The following development does not try to be mathematically rigorous, but provide intuition. As in the Gram-Schmidt procedure, assume the goal is to obtain a set of $N$ orthonormal vectors $y$ from an input set ${x_{1}, x_{2}, \dots, x_{M}}$ composed by $M$ vectors of dimension $K$ . An important point is that all elements of an input vector $x = [X_{1}, \dots, X_{K}]$ are assumed to have zero mean (or the mean is subtracted before PCA), i. e., $𝔼 [X_{i}] = 0, \forall i$ . Instead of arbitrarily picking the first vector $x_{1}$ as in Gram-Schmidt, PCA seeks the vector (first principal component) that maximizes the variance of the projected data. Restricting the basis function to have unity norm $∥ y ∥ = 1$ , the absolute value of the inner product $⟨ y, x ⟩$ corresponds to the norm of the projection of $x$ over $y$ . PCA aims at minimizing the variance of this norm or, equivalently, the variance of $⟨ y, x ⟩$ . Because $y$ is a fixed vector and $𝔼 [x] = 0$ , it can be deduced that and $𝔼 [⟨ y, x ⟩] = 0$ and, consequently, the variance coincides with $𝔼 {{⟨ y, x ⟩}^{2}}$ . Hence, the first PCA basis function is given by

y_{1} = arg max_{∥ y ∥ = 1} 𝔼 {{⟨ y, x_{i} ⟩}^{2}} .

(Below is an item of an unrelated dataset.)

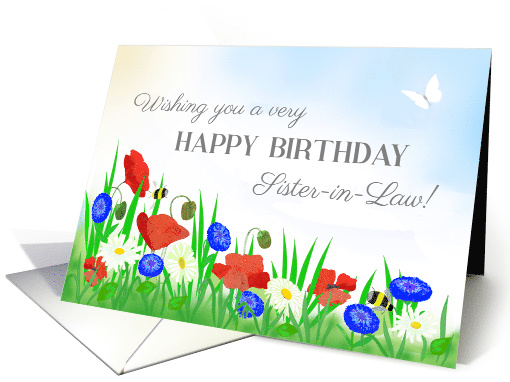 For Sister in Law's Birthday With Poppies Daisies and Cornflowers card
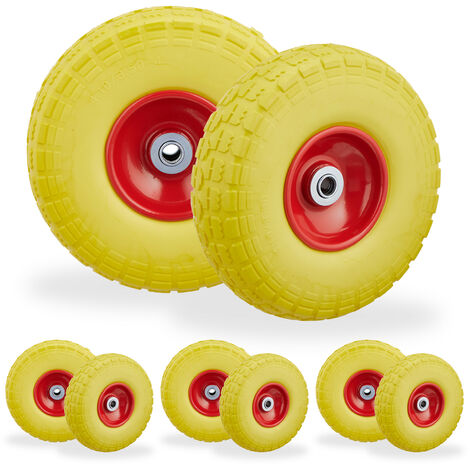 8x Ruote per Carrello, Pneumatici in Gomma Antipanne, 4.1/3.5-4, Asse 16mm, fino a 150 kg, 260x85mm, Giallo Rosso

After obtaining $y_{1}$ , similarly to Gram-Schmidt, one finds new targets by projecting all $M$ input vectors in $y_{1}$ and keeping the errors as targets $\hat{x}$ . For example, the targets for finding $y_{2}$ are

{\hat{x}}_{i} = x_{i} - ⟨ x_{i}, y_{1} ⟩ y_{1}, i = 1, \dots, M,

and the new basis function is obtained by

y_{2} = arg max_{∥ y ∥ = 1} 𝔼 {{⟨ y, {\hat{x}}_{i} ⟩}^{2}} .

Similarly,

y_{3} = arg max_{∥ y ∥ = 1} 𝔼 {⟨ y, x_{i} - (⟨ x_{i}, y_{1} ⟩ y_{1} + ⟨ x_{i}, y_{2} ⟩ y_{2}) ⟩}

and so on.

It is out of the scope of this text³ to examine how to solve the maximization problems and find the optimal $y$ vectors, but it is noted that the solution can be obtained via eigenvectors of the covariance matrix or singular value decomposition (SVD). Listing A.5 illustrates the former procedure, which uses eigen analysis. Note that the order of importance of the principal components $y$ is given by the magnitude of the respective eigenvalues.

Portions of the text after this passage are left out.